Identification and characterization of haemofungin, a novel antifungal compound that inhibits the final step of haem biosynthesis

Abstract

Objectives: During recent decades, the number of invasive fungal infections among immunosuppressed patients has increased significantly, whereas the number of effective systemic antifungal drugs remains low and unsatisfactory. The aim of this study was to characterize a novel antifungal compound, CW-8/haemofungin, which we previously identified in a screen for compounds affecting fungal cell wall integrity.

Methods: The in vitro characteristics of haemofungin were investigated by MIC evaluation against a panel of pathogenic and non-pathogenic fungi, bacteria and mammalian cells in culture. Haemofungin mode-of-action studies were performed by screening an Aspergillus nidulans overexpression genomic library for resistance-conferring plasmids and biochemical validation of the target. In vivo efficacy was tested in the Galleria mellonella and Drosophila melanogaster insect models of infection.

Results: We demonstrate that haemofungin causes swelling and lysis of growing fungal cells. It inhibits the growth of pathogenic Aspergillus, Candida, Fusarium and Rhizopus isolates at micromolar concentrations, while only weakly affecting the growth of mammalian cell lines. Genetic and biochemical analyses in A. nidulans and Aspergillus fumigatus indicate that haemofungin primarily inhibits ferrochelatase (HemH), the last enzyme in the haem biosynthetic pathway. Haemofungin was non-toxic and significantly reduced mortality rates of G. mellonella and D. melanogaster infected with A. fumigatus and Rhizopus oryzae, respectively.

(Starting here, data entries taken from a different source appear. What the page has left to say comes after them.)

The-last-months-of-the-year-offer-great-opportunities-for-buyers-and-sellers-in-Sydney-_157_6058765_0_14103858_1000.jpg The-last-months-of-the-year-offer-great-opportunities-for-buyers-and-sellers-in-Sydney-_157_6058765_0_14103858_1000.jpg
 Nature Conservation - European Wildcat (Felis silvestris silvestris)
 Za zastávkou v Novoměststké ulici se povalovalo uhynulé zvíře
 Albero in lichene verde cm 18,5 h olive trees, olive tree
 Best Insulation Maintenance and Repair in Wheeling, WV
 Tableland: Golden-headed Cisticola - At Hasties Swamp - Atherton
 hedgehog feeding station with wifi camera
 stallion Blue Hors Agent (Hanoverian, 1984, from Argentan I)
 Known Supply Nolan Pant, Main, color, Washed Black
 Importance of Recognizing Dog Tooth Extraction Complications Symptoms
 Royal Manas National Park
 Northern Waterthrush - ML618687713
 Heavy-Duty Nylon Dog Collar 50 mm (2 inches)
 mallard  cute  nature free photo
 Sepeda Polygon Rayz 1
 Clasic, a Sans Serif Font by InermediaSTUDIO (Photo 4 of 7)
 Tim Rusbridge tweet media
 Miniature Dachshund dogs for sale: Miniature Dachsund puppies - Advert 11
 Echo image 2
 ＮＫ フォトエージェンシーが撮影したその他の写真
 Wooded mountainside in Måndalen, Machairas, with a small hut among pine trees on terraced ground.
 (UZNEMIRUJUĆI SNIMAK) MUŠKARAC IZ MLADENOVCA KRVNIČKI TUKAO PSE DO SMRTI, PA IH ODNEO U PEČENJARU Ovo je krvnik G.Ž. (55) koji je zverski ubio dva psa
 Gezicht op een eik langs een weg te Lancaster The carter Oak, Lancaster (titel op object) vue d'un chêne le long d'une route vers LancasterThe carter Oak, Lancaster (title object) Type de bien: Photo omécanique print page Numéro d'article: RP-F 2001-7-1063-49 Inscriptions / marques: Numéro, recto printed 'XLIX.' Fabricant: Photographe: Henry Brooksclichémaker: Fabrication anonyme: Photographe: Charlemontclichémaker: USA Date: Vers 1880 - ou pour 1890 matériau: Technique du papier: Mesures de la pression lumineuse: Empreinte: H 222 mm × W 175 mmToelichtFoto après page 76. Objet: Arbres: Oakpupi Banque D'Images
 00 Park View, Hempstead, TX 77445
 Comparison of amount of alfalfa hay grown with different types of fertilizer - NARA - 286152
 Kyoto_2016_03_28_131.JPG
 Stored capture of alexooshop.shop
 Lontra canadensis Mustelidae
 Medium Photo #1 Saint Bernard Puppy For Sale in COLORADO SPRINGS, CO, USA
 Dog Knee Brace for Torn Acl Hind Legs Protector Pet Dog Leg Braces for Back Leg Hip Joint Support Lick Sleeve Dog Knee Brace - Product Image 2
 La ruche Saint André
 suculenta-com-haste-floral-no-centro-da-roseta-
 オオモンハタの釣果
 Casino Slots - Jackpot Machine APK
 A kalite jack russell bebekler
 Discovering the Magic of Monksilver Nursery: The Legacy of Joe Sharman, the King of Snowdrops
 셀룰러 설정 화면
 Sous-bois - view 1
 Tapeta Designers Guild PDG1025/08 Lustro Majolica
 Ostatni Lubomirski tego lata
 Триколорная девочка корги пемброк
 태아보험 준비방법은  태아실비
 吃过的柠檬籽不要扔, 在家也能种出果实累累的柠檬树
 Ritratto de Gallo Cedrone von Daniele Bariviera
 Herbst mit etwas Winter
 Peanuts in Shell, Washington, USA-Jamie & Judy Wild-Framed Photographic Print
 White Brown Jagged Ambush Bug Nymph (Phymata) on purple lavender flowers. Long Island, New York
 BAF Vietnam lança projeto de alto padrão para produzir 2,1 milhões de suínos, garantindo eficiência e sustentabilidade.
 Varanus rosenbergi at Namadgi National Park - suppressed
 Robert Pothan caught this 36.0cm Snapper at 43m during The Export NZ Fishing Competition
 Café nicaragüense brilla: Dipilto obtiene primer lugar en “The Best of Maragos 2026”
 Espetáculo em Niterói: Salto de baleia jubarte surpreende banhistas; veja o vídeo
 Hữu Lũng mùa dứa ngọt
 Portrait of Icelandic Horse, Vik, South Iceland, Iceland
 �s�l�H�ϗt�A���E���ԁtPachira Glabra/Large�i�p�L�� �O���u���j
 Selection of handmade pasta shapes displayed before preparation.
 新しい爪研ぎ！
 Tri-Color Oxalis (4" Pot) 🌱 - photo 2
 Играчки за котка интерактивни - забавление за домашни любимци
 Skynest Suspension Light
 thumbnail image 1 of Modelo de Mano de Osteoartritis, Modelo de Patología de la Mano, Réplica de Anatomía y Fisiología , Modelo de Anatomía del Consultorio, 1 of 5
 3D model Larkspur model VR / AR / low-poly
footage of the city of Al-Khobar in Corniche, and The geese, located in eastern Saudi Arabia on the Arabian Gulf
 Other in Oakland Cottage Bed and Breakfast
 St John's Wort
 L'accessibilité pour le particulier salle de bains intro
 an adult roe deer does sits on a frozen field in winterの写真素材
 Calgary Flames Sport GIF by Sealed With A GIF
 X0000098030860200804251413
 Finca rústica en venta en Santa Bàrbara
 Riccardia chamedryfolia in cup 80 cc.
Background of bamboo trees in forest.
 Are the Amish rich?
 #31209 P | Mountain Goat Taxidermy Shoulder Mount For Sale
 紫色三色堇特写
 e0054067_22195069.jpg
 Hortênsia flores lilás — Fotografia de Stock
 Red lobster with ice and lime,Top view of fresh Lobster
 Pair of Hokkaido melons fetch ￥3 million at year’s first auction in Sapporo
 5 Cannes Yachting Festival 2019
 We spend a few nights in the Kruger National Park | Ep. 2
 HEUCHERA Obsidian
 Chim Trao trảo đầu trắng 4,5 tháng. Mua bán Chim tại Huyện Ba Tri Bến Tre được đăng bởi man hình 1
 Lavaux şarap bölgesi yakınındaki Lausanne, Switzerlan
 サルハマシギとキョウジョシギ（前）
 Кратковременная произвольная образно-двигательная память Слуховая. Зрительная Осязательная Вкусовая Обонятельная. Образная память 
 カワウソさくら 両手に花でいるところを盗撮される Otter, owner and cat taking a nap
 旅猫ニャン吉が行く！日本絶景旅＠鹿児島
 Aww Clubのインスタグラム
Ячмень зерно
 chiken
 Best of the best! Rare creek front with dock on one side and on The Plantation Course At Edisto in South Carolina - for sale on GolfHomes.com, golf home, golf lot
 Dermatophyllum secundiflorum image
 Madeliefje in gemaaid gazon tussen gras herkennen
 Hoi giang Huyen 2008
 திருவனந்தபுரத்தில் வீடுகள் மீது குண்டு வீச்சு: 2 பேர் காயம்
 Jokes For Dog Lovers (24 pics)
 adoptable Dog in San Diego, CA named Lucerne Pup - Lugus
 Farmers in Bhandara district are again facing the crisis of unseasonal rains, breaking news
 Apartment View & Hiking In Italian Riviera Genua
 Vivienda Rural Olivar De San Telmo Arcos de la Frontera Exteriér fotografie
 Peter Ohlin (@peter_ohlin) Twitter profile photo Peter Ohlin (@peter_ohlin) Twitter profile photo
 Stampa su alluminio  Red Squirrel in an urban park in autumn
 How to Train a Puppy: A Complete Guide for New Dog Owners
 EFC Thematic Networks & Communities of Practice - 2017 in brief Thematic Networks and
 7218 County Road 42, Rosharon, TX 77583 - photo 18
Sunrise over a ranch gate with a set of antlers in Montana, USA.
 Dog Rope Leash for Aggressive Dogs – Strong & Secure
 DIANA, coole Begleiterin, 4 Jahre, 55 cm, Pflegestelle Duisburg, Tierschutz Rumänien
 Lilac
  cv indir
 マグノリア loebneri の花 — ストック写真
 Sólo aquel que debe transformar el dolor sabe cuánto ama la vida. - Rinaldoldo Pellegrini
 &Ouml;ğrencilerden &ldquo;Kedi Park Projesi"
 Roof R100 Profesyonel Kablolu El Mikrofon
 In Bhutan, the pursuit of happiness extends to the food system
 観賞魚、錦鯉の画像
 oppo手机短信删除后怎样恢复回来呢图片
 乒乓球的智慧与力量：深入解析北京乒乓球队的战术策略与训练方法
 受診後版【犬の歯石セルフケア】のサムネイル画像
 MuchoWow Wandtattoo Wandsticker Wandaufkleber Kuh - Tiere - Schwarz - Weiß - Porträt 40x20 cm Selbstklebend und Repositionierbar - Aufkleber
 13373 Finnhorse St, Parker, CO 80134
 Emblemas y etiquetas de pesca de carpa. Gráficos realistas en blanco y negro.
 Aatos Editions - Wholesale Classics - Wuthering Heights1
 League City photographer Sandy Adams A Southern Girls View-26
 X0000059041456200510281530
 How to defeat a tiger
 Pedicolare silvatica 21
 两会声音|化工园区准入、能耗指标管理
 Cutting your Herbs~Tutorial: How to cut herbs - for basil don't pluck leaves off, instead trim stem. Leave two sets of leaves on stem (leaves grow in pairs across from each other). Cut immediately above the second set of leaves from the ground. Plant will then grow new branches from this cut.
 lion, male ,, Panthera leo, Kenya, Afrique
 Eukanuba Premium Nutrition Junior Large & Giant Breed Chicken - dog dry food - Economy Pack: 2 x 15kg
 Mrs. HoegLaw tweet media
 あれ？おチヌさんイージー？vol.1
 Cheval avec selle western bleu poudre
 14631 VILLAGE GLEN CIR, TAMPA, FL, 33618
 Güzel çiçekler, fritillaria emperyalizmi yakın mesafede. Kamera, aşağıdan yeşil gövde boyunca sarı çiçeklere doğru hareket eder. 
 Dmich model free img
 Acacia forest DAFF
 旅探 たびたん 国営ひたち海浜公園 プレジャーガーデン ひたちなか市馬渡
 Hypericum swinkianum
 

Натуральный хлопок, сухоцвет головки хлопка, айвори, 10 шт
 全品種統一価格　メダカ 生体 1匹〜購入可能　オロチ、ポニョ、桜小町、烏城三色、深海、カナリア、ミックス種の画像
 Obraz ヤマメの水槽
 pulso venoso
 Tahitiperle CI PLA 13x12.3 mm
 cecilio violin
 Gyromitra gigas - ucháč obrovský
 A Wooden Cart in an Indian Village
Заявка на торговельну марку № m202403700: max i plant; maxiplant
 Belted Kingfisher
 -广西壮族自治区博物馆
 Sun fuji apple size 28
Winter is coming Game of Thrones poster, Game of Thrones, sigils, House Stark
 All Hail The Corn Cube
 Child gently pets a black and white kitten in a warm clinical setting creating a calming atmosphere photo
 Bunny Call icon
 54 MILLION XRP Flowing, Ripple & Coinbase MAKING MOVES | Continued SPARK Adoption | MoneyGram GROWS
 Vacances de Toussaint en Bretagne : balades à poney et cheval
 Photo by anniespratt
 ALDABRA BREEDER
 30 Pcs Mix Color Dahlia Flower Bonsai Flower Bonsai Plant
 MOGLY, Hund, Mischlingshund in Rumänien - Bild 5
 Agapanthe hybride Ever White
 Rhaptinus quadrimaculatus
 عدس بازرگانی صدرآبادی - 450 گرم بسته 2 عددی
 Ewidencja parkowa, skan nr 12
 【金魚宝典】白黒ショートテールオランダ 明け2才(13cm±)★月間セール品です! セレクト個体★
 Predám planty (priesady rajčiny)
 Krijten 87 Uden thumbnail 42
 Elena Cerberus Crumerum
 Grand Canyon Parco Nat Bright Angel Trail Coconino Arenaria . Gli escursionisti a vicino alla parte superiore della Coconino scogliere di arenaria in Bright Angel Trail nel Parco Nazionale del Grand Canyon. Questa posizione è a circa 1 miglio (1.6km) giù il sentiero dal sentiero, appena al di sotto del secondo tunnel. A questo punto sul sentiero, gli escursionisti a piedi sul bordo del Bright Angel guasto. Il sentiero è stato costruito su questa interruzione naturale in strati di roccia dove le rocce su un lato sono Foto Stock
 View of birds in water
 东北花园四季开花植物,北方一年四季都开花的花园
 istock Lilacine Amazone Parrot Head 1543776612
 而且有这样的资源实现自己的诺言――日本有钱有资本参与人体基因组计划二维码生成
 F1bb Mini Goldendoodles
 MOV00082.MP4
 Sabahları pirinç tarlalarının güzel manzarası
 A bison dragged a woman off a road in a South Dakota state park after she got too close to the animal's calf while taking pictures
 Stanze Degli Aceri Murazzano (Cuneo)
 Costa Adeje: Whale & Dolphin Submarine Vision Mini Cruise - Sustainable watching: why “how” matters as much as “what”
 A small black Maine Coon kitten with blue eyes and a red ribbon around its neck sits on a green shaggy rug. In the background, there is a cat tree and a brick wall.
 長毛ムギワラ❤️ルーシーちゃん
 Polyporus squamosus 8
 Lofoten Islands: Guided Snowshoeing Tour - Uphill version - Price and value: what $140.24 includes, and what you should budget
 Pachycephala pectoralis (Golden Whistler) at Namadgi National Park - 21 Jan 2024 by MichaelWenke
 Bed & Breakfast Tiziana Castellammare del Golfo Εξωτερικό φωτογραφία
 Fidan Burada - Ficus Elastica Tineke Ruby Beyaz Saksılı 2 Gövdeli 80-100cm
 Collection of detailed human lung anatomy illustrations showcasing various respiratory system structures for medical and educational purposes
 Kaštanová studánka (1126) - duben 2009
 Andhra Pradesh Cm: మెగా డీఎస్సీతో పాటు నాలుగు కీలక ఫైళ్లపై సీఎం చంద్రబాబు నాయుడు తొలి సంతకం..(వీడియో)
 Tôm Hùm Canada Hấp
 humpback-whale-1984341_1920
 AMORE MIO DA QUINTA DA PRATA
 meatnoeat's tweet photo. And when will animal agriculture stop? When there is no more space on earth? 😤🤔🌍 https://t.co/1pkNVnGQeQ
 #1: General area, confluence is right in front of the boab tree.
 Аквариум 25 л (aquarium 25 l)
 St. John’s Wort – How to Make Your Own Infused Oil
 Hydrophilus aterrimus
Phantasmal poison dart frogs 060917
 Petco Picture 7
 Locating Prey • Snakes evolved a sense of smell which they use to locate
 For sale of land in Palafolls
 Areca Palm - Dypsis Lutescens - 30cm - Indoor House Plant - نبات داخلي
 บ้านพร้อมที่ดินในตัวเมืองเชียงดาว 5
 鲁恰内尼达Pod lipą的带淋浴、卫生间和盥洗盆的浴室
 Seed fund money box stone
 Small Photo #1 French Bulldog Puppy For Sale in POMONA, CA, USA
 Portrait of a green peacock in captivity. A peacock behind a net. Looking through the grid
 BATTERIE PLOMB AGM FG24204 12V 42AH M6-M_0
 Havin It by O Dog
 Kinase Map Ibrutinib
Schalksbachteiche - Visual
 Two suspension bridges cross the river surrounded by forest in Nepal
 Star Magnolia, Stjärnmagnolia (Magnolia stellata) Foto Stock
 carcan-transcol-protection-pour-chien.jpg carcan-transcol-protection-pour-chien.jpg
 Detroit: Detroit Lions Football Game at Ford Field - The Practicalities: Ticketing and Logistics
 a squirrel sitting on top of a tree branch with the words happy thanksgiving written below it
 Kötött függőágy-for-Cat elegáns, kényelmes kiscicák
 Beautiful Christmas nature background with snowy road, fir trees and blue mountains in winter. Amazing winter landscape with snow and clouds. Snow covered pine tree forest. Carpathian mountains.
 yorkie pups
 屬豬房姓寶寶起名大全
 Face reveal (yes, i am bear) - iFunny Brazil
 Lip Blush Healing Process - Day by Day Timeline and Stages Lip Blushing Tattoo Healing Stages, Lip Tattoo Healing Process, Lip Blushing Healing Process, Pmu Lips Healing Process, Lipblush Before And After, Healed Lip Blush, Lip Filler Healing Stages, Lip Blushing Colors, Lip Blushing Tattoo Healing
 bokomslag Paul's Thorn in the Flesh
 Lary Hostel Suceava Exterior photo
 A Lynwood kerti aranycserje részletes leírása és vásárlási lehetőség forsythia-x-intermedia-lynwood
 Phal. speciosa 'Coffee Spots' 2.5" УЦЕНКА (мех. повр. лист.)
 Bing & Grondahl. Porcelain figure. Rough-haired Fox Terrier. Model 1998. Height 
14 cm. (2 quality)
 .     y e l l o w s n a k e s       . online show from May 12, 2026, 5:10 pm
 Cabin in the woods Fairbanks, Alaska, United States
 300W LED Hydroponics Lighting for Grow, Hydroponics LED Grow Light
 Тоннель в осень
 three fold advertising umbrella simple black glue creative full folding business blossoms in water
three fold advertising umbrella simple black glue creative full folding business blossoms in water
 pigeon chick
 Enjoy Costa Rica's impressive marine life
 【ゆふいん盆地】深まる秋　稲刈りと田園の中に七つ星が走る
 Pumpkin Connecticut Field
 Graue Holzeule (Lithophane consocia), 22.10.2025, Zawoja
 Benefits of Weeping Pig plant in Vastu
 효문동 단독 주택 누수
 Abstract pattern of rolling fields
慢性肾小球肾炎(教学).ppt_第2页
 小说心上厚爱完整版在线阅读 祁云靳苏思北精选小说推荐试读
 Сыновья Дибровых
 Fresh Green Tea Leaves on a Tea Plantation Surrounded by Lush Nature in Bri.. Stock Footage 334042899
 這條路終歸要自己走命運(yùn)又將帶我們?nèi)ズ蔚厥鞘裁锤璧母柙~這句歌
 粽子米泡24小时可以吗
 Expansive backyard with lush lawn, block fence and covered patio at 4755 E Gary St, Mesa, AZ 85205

Conclusions: Further development and in vivo validation of haemofungin is warranted.

Figure 1

Haemofungin causes morphological changes characteristic of damage to the cell wall of A. fumigatus. (a) Molecular structure of haemofungin, a benzimidazole derivative. (b–d) Freshly harvested spores of A. fumigatus strain Af293 were incubated for 24 h in the presence of 0.8 μM haemofungin and analysed microscopically by light, fluorescence or TEM microscopy, CFW cell wall staining or DiBAC staining of dead cells. Cell swelling and lysis [arrow, (b), light microscopy], abnormal cell wall morphology (TEM) and increased CFW staining of wall polysaccharides reveal haemofungin-induced wall damage. DiBAC staining indicates partial cell death in discrete areas of the hyphae. Black bar = 10 μm.

Figure 2

Mapping and identification of the A. nidulans AN7752 gene encoding HemH/ferrochelatase that confers haemofungin resistance upon overexpression. (a) Schematic representation of the inserts in each of the three resistance-conferring high-copy plasmids. Only the gene AN7752 is shared by all three plasmids. (b) Amino acid similarity between AN7752 and homologues of select fungal, human and Escherichia coli ferrochelatase proteins according to pBLAST.

Figure 3

Haemofungin induces the expression of key haem biosynthetic genes in A. fumigatus. A. fumigatus overnight culture grown in liquid medium (either CM or MM) was treated with 5 μM haemofungin for 1 h. Total RNA was extracted and analysed by northern blotting with probes specific for the haem biosynthetic genes hemA, hemB, hemE, hemF and hemH. The expression of all genes except hemB was increased in the presence of haemofungin. Bottom panel: total RNA loading control.

Figure 4

Treatment with haemofungin causes accumulation of PPIX in A. fumigatus. A. fumigatus overnight culture grown in YAG liquid medium was treated with 2 μM haemofungin for 2 h. The mycelium was (a) spun down and directly viewed for accumulation of porphyrins and (b) lyophilized and analysed for PPIX content by HPLC (C18) column separation.

Figure 5

Toxicity and efficacy analysis of haemofungin. For analysis of toxicity, G. mellonella larvae (a) were injected once with up to 22.7 mg/kg haemofungin and Drosophila Tl^−/− flies (c) were fed with fly food containing up to 14.4 mg/mL haemofungin for 7 days. For analysis of survival, G. mellonella larvae (b) and Drosophila Tl^−/− flies (d) were infected with A. fumigatus (Af293) or R. oryzae conidia and treated with up to 5.7 mg/kg and 14.4 mg/mL haemofungin, respectively. Treatment with amphotericin B was used as a positive control in G. mellonella.